Task requirements =>
Copy exactly the stretch of data below from the line with "ZONESUN ZS-FAL180V5 Full" through the line with "Oceanlyte Men's Pants", including both of those lines.

· · ·

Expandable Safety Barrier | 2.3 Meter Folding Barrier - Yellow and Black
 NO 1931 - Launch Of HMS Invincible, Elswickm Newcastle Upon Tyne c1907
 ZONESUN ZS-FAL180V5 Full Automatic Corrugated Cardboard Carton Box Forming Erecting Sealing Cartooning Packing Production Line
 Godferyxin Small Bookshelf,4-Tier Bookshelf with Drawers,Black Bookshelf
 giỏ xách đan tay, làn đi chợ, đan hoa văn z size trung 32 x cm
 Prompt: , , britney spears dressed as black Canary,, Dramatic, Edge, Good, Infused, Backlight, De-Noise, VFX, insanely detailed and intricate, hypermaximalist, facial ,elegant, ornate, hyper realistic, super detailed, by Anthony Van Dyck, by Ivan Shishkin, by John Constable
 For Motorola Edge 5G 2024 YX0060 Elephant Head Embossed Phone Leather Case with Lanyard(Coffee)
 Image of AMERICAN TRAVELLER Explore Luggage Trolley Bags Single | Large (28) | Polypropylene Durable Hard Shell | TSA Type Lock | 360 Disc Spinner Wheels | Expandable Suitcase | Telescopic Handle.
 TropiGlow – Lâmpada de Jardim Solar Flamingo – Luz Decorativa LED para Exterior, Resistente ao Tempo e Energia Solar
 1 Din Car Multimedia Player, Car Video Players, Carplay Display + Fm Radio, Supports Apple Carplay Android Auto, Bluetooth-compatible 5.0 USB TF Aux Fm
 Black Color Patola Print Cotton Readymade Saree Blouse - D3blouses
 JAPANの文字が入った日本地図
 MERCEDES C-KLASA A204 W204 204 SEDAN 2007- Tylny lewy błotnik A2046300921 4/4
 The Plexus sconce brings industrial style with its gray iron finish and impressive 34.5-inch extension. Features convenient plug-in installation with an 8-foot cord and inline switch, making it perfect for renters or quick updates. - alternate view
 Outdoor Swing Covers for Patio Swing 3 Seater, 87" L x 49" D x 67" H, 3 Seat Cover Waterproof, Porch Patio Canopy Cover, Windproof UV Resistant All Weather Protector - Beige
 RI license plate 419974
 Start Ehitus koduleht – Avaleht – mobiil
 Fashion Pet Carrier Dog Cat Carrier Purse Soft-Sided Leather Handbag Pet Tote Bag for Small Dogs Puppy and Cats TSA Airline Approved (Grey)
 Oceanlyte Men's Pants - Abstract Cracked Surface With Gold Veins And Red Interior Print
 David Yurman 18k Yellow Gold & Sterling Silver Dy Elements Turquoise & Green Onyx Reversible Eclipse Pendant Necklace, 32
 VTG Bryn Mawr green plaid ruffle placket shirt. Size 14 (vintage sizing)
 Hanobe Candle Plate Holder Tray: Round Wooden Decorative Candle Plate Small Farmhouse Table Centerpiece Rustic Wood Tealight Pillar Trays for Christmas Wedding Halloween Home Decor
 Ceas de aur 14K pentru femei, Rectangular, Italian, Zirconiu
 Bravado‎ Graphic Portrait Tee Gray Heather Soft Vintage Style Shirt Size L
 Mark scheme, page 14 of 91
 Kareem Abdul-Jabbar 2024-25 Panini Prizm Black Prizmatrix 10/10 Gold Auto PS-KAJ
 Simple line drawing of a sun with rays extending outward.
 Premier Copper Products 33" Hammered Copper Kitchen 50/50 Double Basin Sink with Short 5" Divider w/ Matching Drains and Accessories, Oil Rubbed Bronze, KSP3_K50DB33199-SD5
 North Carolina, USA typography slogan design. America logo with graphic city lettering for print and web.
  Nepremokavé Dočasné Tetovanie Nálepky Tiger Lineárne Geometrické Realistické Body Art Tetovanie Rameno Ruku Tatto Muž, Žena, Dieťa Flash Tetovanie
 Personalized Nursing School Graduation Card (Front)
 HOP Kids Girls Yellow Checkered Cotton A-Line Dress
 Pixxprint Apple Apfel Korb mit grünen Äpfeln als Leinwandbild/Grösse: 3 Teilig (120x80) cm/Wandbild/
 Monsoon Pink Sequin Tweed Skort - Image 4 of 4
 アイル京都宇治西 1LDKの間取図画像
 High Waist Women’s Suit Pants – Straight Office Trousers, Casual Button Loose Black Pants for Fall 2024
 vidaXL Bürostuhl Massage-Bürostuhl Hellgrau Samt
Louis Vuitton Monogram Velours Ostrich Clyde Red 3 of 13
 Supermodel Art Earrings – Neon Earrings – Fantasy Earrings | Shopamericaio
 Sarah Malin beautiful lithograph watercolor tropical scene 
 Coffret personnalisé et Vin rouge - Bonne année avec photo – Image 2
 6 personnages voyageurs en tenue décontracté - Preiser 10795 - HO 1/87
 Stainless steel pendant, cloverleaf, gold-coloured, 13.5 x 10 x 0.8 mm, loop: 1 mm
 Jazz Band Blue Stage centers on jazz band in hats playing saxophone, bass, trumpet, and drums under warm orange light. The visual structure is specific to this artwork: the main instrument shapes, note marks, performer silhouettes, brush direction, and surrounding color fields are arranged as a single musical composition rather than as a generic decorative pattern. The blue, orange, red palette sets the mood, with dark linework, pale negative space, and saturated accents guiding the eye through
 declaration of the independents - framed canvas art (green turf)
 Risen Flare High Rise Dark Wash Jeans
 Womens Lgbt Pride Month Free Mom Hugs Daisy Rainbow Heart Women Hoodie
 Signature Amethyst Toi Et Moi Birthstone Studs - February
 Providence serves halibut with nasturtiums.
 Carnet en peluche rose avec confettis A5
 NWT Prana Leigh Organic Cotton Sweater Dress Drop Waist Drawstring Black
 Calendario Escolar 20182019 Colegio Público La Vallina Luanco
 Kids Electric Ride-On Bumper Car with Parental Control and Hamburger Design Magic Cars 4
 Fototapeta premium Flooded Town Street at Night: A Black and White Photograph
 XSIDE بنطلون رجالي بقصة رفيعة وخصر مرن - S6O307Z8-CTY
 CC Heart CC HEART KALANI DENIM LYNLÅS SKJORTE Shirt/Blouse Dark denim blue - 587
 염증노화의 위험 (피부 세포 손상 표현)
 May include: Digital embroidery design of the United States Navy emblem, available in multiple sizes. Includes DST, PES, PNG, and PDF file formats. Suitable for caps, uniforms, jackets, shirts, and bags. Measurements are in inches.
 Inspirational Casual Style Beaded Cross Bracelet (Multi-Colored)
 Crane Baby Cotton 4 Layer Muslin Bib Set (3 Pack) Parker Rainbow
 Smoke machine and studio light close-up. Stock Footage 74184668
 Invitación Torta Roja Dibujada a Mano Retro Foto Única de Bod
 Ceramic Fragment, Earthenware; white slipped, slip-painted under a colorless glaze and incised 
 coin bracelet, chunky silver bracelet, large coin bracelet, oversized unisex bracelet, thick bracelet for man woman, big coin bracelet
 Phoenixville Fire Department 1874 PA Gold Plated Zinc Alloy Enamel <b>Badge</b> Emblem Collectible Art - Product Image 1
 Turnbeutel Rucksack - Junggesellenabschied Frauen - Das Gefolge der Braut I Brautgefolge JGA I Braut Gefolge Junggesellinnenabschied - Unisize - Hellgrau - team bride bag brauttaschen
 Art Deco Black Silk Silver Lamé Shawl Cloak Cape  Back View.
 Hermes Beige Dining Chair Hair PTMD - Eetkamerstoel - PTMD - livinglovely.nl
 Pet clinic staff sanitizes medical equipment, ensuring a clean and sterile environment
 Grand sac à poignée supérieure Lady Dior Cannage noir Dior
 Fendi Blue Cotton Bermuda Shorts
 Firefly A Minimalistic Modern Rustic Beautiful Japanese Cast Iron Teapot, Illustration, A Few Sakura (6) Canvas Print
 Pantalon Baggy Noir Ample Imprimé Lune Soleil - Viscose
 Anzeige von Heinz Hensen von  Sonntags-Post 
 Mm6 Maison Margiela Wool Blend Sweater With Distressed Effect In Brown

· · ·

Task answer =>
 ZONESUN ZS-FAL180V5 Full Automatic Corrugated Cardboard Carton Box Forming Erecting Sealing Cartooning Packing Production Line
 Godferyxin Small Bookshelf,4-Tier Bookshelf with Drawers,Black Bookshelf
 giỏ xách đan tay, làn đi chợ, đan hoa văn z size trung 32 x cm
 Prompt: , , britney spears dressed as black Canary,, Dramatic, Edge, Good, Infused, Backlight, De-Noise, VFX, insanely detailed and intricate, hypermaximalist, facial ,elegant, ornate, hyper realistic, super detailed, by Anthony Van Dyck, by Ivan Shishkin, by John Constable
 For Motorola Edge 5G 2024 YX0060 Elephant Head Embossed Phone Leather Case with Lanyard(Coffee)
 Image of AMERICAN TRAVELLER Explore Luggage Trolley Bags Single | Large (28) | Polypropylene Durable Hard Shell | TSA Type Lock | 360 Disc Spinner Wheels | Expandable Suitcase | Telescopic Handle.
 TropiGlow – Lâmpada de Jardim Solar Flamingo – Luz Decorativa LED para Exterior, Resistente ao Tempo e Energia Solar
 1 Din Car Multimedia Player, Car Video Players, Carplay Display + Fm Radio, Supports Apple Carplay Android Auto, Bluetooth-compatible 5.0 USB TF Aux Fm
 Black Color Patola Print Cotton Readymade Saree Blouse - D3blouses
 JAPANの文字が入った日本地図
 MERCEDES C-KLASA A204 W204 204 SEDAN 2007- Tylny lewy błotnik A2046300921 4/4
 The Plexus sconce brings industrial style with its gray iron finish and impressive 34.5-inch extension. Features convenient plug-in installation with an 8-foot cord and inline switch, making it perfect for renters or quick updates. - alternate view
 Outdoor Swing Covers for Patio Swing 3 Seater, 87" L x 49" D x 67" H, 3 Seat Cover Waterproof, Porch Patio Canopy Cover, Windproof UV Resistant All Weather Protector - Beige
 RI license plate 419974
 Start Ehitus koduleht – Avaleht – mobiil
 Fashion Pet Carrier Dog Cat Carrier Purse Soft-Sided Leather Handbag Pet Tote Bag for Small Dogs Puppy and Cats TSA Airline Approved (Grey)
 Oceanlyte Men's Pants - Abstract Cracked Surface With Gold Veins And Red Interior Print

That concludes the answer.